→ **EXERCISE**:
Without including the pictures, copy out every line below.

→ **MATERIAL PROVIDED**:
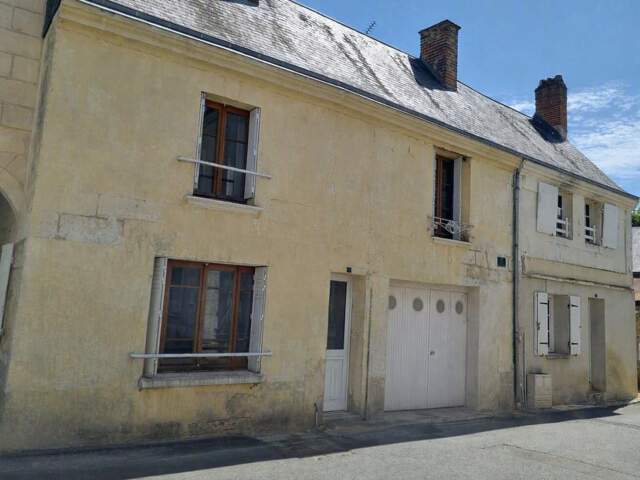 MAISON DE VILLAGE A VILLEDIEU LE CHATEAU — photo du bien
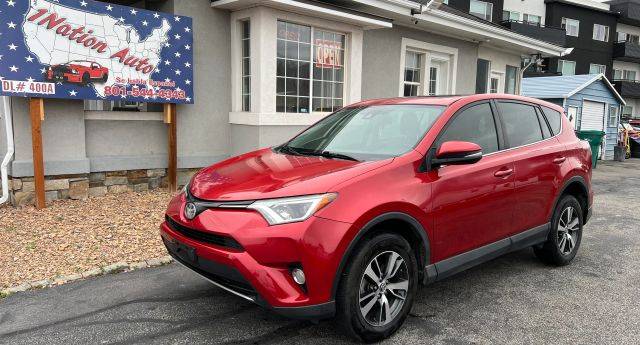 2017 Toyota RAV4 XLE AWD photo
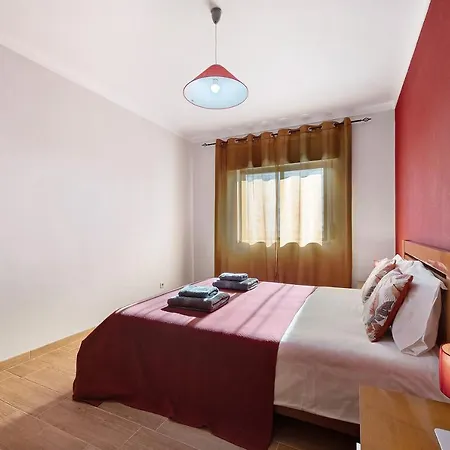 Ferias Felizes Apartman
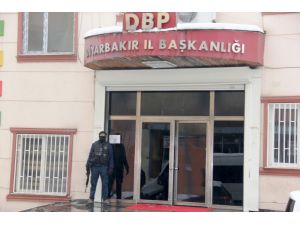 DBP'nin Diyarbakır ve Muş binalarına polis baskın yaptı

→ **SOLUTION TO THIS PROBLEM**:
 MAISON DE VILLAGE A VILLEDIEU LE CHATEAU — photo du bien
 2017 Toyota RAV4 XLE AWD photo
 Ferias Felizes Apartman
 DBP'nin Diyarbakır ve Muş binalarına polis baskın yaptı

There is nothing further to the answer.